The Long Con
I wish I could muster the optimism of Richard Kreitner, Lawrence Lessig, and others regarding the theoretical progressive benefits of a constitutional convention [“Conventional Wisdom,” Nov. 20/27]. Kreitner daydreams of “lively and profitable discussion,” while Lessig writes in his book Republic, Lost that “The key is a simple compromise. We get to consider our proposals if you get to consider yours.”
This sounds great in theory—presuming that all sides approach the project with a good-faith willingness to consider proposals from across the ideological divide. However, this presumption flies in the face of the observed behavior of the Republican Party over the past decade.
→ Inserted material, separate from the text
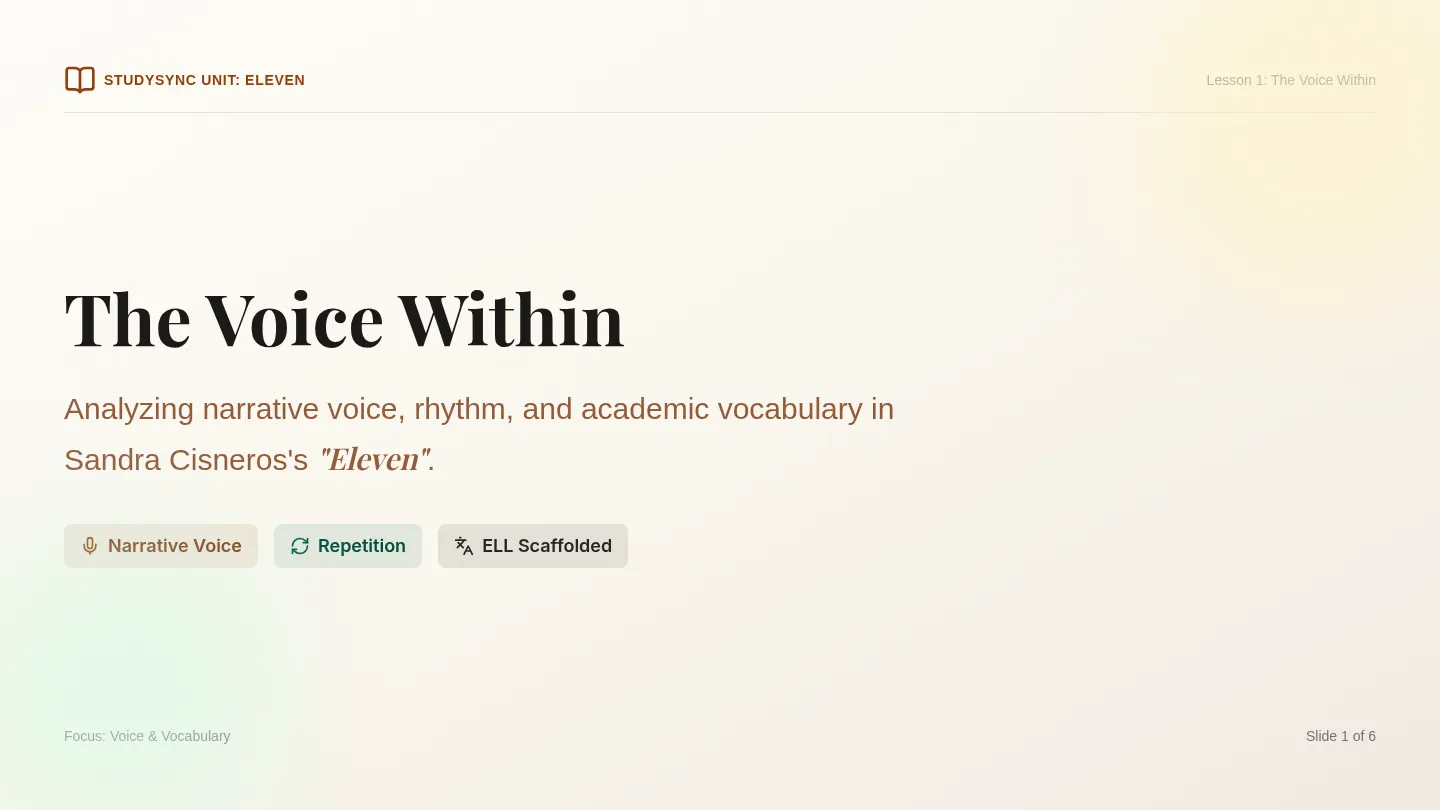 Voice and Vocabulary Slides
This is the party that, in opposition, obstinately said no to everything President Obama tried. This is the party that, in leadership, refuses to dialogue with the minority party. This is the party whose obstructionism baited the Democrats into scrapping the filibuster for judicial nominees and then, after refusing to hear the Merrick Garland nomination, scrapped the filibuster for Supreme Court nominees and confirmed the odious Neil Gorsuch on a simple-majority party-line vote.
Based on the evidence, it doesn’t seem likely that conservatives clamoring for a constitutional convention harbor any intentions other than gaming it for their own exclusive benefit. Any liberals who are gambling their support for a constitutional convention on the presumption that their conservative counterparts will approach the project in a spirit of constructive compromise need to be prepared for the conservatives to eat their lunch.
In his article urging the left to “embrace the movement for a new constitutional convention,” Richard Kreitner ignored the most important issue: Who would be the delegates?
They would certainly not be a cross section of the American population. Instead, they would be appointed by state legislatures, and thus would be similar to party superdelegates and the members of the Electoral College. In accordance with the state-oriented voting rules, a conservative voter in Wyoming would have 80 times the representation of a liberal voter in California.
Can anyone doubt that the Koch/Wal-Mart plutocrats will be able to fill those seats, the way they have done with the House and the Senate? Can anyone doubt that they will continue to use the same bulldozer technique of “no compromise ever” that they have used in those bodies since the election of Obama? The several states that have already gone on record for a balanced-budget amendment give an indication of the ways they will enforce party unity, eliminating any possibility of a reasoned middle ground.